I'm looking to talk to some people who have worked on the SBOM embedded in Go binaries by default. They also rolled their own JSON-based format, and perhaps we could collaborate on something more generic or at least that could be shared between the two.

FWIW Syft can already convert from the cargo auditable data format to CycloneDX.

jayvdb commented 1 year ago

https://github.com/google/osv-scanner supports "SPDX and CycloneDX SBOMs using Package URLs" - https://google.github.io/osv-scanner/usage/#specify-sbom

As an alternative/pre-cursor for storing the dependency info in those SBOM formats, perhaps rust-audit-info could extract the existing format and do a "rough" conversion to these SBOM formats, so that integration with these other tools can be explored, determining what (if any) extra fields need to be stored in the rust binaries in order to get reasonable compatibility with these tools.

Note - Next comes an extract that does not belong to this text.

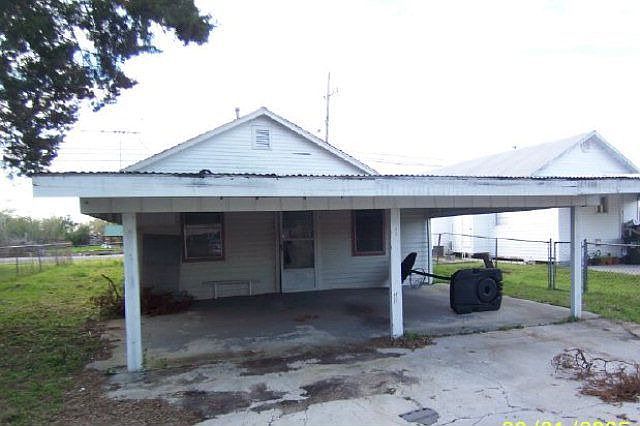 2nd image of 1131 Highway 55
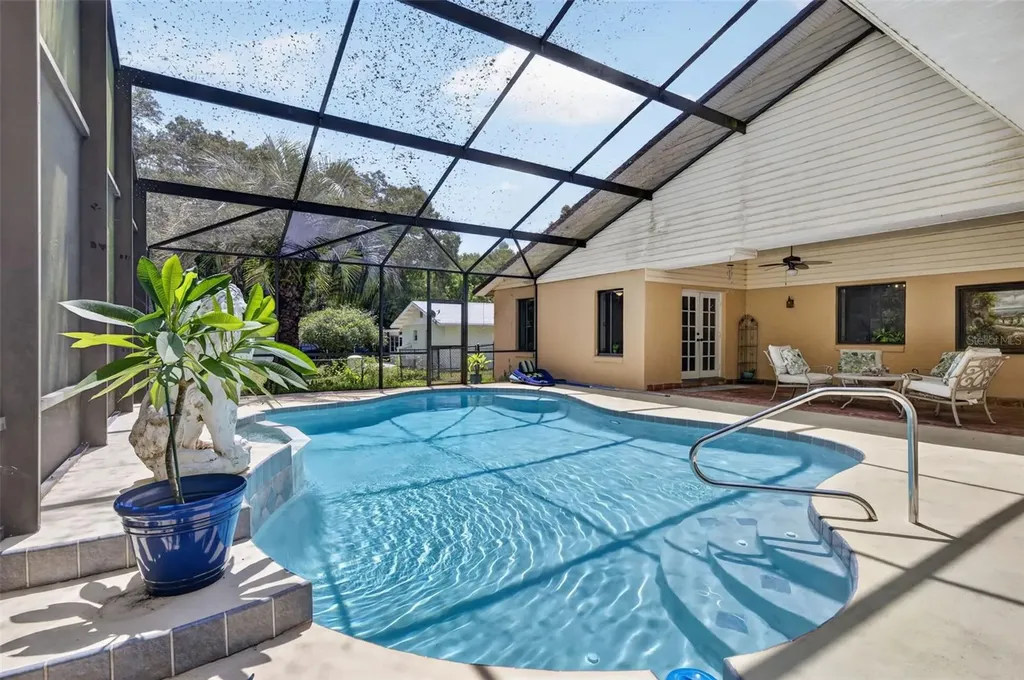 551 Rylane Street De Leon Springs FL 32130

Shnatsel commented 1 year ago

Syft can already perform such a conversion today.

Shnatsel commented 4 months ago

I've prototyped recording CycloneDX in the binaries directly, you can find the code in this branch: https://github.com/rust-secure-code/cargo-auditable/tree/record-cyclonedx

This was made possible by newer CycloneDX versions that no longer require a date and serial number to be present, which enables them to be made reproducible.

Recording CycloneDX results in 2x the overhead compared to the custom format. But the overhead is still consistently below 1/1000th of the size of the binary across a wide range of projects, so this is probably acceptable.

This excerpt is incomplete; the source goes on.